E foram estes argumentos que foram  expressos na exposição de motivos da Proposta de Lei n.º 93/VIII que viria a dar origem ao ETAF, onde o legislador considerou, precisamente, a ideia da especialização da justiça administrativa como ratio essendi da jurisdição.
Portanto, e em síntese, os representantes daqueles operadores judiciários que assinaram o PACTO DA JUSTIÇA acham que os deficitários juízes da jurisdição comum, com experiências exclusivas no direito privado ou no direito penal, conseguem fazer aquilo que os mais que deficitários juízes especializados da jurisdição administrativa e fiscal não conseguem e, pelos vistos, acreditando que com igual domínio das matérias que permitirão decisões justas e de qualidade!

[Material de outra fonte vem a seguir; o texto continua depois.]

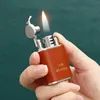 New Product Leader Kerosene Lighter Men's Temperament Creative Retro Old-fashioned Grinding Wheel Gift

Útil para uma verdadeira e saudável discussão sobre o desenho institucional do sistema de justiça português, sem contar com "quintas" ou "quintais", levaria a questionar se não faria sentido que os Tribunais da Concorrência estivessem na alçada da jurisdição administrativa e fiscal e se o julgamento dos atos administrativos do Conselho Superior da Magistratura não deveria ser competência da jurisdição administrativa e fiscal?
E é por tudo isto que, quanto a mim, tudo não passou, mais uma vez, de um momento tão habitual neste nosso país que é discutir a espuma dos dias, surfando uma ideia sexy, sob as luzes efémeras de uma ribalta que, não tenho dúvidas, daqui a uns anos será recordada como a responsável por mais um momento negro no desenho político do sistema de justiça português.
Nesse dia, farei questão de recordar os seus rostos.
Lamento que os operadores judiciários tenham "arrumado" um assunto polémico e carecendo de muita discussão, num belo fim de semana em Troia, acabando a discutir a espuma dos dias.
Termino com uma frase do Padre António Vieira, in Sete Propriedades da Alma, "… A justiça que se sustenta com demasiadas bocas, empobrece a todos, e todos a trazem na boca…".

 Obs: Este artigo, resumido, será publicado no Jornal I.